Utopia changed their name to Carbonari in January 2000, and adopted a striking new art riot style image, with cool slogans and a great sound, and when asked about what influenced them, the answer wasn’t the expected and obvious early Manics,
‘It could definitely be said that our influences run with anything from Kylie Minogue to the Smashing Pumpkins. When you live in a world where every form of musical ‘wisdom’ is forcibly shoved up your arse it’s hard to shut your ears to anything!’

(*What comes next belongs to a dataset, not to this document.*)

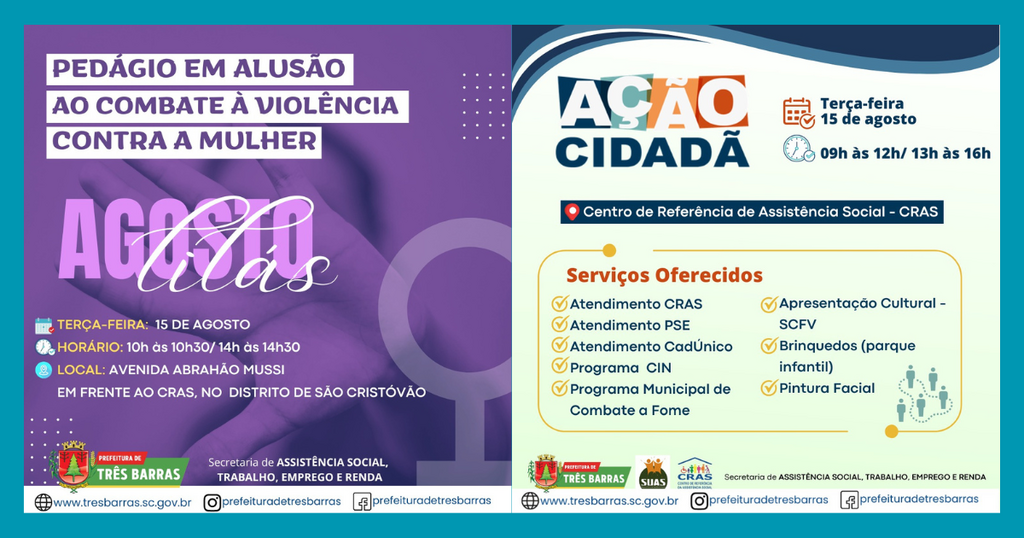 HOJE, 15 DE AGOSTO, TEM PEDÁGIO E “AÇÃO CIDADÃ” PARA PROMOVER A CAMPANHA AGOSTO LILÁS EM TRÊS BARRAS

Carl Hogan left and subsequently played in countless bands but with very little output. Gavin Lawton replaced him but he left in May and went onto form Lucid and then Dred. Rather than find another bassist, Sarah took on the challenge of playing and singing. Born in New Jersey, USA the 5’ nothing blonde once described as “Debbie Harry’s souped-up granddaughter” was a little shaky at first handling the bass but plenty of practise (albeit with three months off to study for exams) paid dividends. The settled Carbonari line up put together a strong set of songs and unleashed them on the locals on 16th September 2000 at The Stand, a venue set up by Dean Roberts at Celebrities nightclub in Rhyl where the ill fated Gallery used to host punk shows in the early eighties. Dave Macher, now working for the Visitor put in a rare personal appearance and wrote: “Usually after seeing a band I have written about I feel disappointed, but Carbonari have a raw sound and their new songs are brilliant.” Dave also later interviewed the band in November on his Into the Valley radio show on Shore FM.

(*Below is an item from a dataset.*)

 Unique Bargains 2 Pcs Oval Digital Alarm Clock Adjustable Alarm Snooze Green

Two gigs in Liverpool followed the next two weeks where the band renewed friendships made from previous live outings.
Their 3 track CD Killing Ourselves was made available through Peoplesound.com and released and sold locally from November 2000 and was described by Adam Walton as ‘panther-esque – sleek, immaculately put-together, but liable to rip an arm off if you get too close and try to touch.’
This was followed by another 3 tracker recorded in October, the CD ‘Made To Order’ produced by Sons of Selina’s Martin Wilding and featured the excellent track Contradiction along with Tarantula and a new version of Killing Ourselves. Contradiction was aired by BBC Radio Wales courtesy of Adam Walton in March and December 2001, and was given another play on link2wales radio in January 2004, still sounding as angry and as fresh as it first did.
The Breeding Ground at Rhyl was an excellent venue, something the town had not had before, a place with a proper stage, proper PA and lights. It was the perfect setting for serious bands like Carbonari and they soon began pricking up ears. As Utopia they had closed proceedings at the Bistro; as Carbonari they kicked off things at the Breeding Ground, being the first band to play there on 3rd February 2001.
Cutting the ribbon that night to launch the venue was The Alarm front man Mike Peters, and opening that first night was Carbonari, and taking nothing away from the area’s other bands at the time, there was something special about this three piece. They had the look (particularly Crewe born Tom Scriven on guitar with spiky black hair in contrast to Sarah’s natural peroxide), and they had the songs. It was felt at the time that a possible second guitarist and a bassist would have released the shackles on Sarah Lipman’s superb voice and could project Carbonari into the big bad world of rock’n’roll. But you could sense they were special, a sentiment shared by Mike Peters who stayed long enough to offer them support to The Alarm 2000 at Cardiff University on December 16th to their biggest audience to date.
Within six weeks of that gig Carbonari were offered a ‘loose’ management deal by ‘Mike Jones and Associate’ who was Mike Peters’ soundman and former Judgement House and Cellophane Boys guitarist.
Neil Crud was a little wary of this and voiced his opinions to both the band and to Mike Jones in the way of a review after their second appearance at the Breeding Ground (31.03.01):
I’ve said it once; I’ll say it again; watching Carbonari you can feel you’re witnessing something on the verge of bigger things. They have an air almost professional arrogance about them and I just hope that the management deal they recently signed was more about the management making the right career moves and money for the band, rather than the band making money for an absent manager. I say this because I feel we should be force-fed Carbonari for breakfast, dinner and tea, they should be on the TV, on the radio, on the net, on your nerves, maximum exposure.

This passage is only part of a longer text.